Transcribe exactly the lines from the one containing "SAB, 1920 census" through the end of the entries, including both the first and the last, and nothing else.

----

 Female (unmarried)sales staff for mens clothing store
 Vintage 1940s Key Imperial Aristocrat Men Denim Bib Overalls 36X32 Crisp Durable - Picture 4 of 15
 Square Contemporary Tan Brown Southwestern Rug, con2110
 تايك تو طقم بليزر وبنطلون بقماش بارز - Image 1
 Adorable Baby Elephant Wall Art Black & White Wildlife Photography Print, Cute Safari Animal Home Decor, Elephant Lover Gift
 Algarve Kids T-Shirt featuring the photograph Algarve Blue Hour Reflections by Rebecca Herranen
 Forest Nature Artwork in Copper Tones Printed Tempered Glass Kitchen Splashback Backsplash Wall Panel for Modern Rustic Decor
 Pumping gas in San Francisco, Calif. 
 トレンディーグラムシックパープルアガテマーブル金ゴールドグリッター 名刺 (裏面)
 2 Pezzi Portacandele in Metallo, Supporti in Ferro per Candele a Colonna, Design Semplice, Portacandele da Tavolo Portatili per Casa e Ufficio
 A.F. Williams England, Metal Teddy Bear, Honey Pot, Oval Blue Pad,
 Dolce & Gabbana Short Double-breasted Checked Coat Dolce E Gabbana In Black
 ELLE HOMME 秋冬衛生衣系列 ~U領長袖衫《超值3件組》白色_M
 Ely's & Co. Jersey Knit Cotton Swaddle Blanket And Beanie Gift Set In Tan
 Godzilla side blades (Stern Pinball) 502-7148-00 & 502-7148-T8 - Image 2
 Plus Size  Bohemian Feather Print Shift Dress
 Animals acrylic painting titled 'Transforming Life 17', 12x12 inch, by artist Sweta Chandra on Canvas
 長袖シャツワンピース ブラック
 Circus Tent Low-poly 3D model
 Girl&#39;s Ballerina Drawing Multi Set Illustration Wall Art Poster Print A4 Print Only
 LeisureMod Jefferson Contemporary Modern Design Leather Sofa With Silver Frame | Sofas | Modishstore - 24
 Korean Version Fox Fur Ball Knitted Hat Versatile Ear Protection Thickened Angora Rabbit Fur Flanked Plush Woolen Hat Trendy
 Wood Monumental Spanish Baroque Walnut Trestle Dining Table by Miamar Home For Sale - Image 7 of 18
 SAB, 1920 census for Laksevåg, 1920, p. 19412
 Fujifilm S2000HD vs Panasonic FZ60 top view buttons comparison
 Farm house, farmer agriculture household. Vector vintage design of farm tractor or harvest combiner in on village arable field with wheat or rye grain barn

----

Answer section:
 SAB, 1920 census for Laksevåg, 1920, p. 19412
 Fujifilm S2000HD vs Panasonic FZ60 top view buttons comparison
 Farm house, farmer agriculture household. Vector vintage design of farm tractor or harvest combiner in on village arable field with wheat or rye grain barn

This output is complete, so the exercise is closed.